I want to develop a Nuxt SPA with Laravel as backend. Read the Passport document and now confused about the following paragraph because I don’t want to redirect the user to backend login page:
Authorization Code Grant with PKCE
The Authorization Code grant with “Proof Key for Code Exchange” (PKCE) is a secure way to authenticate single page applications or native applications to access your API. This grant should be used when you can’t guarantee that the client secret will be stored confidentially or in order to mitigate the threat of having the authorization code intercepted by an attacker.

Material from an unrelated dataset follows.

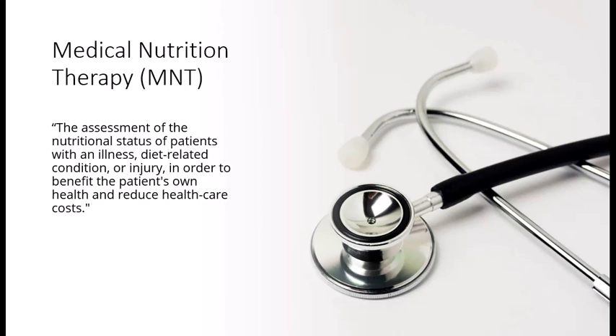Registered dietitians are the nutrition experts hired by hospitals, long-term care, rehabilitation, and other medical facilities to ensure patients have the nourishment necessary to heal and recover. They are the only healthcare professionals to perform medical nutrition therapy and are required for all licensed hospitals and long-term care facilities. MNT is defined as the assessment of the nutritional status of patients with an illness, diet-related condition, or injury in order to benefit the patient's own health and reduce healthcare costs.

A combination of a “code verifier” and a “code challenge” replaces the client secret when exchanging the authorization code for an access token.
What’s the problem of making the following request in client browser and save the token in client browser?
http->post('http://your-app.com/oauth/token', [
'form_params' => [
'grant_type' => 'password',
'client_id' => 'client-id',
'client_secret' => 'client-secret',
'username' => 'taylor@laravel.com',
'password' => 'my-password',
'scope' => '',
],
Advertisement
Answer
The latest OAuth 2.0 Security Best Current Practice disallows the password grant entirely.
“The resource owner password credentials grant MUST NOT be used. This grant type insecurely exposes the credentials of the resource owner to the client. Even if the client is benign, this results in an increased attack surface (credentials can leak in more places than just the AS) and users are trained to enter their credentials in places other than the AS.
Furthermore, adapting the resource owner password credentials grant to two-factor authentication, authentication with cryptographic credentials, and authentication processes that require multiple steps can be hard or impossible (WebCrypto, WebAuthn).”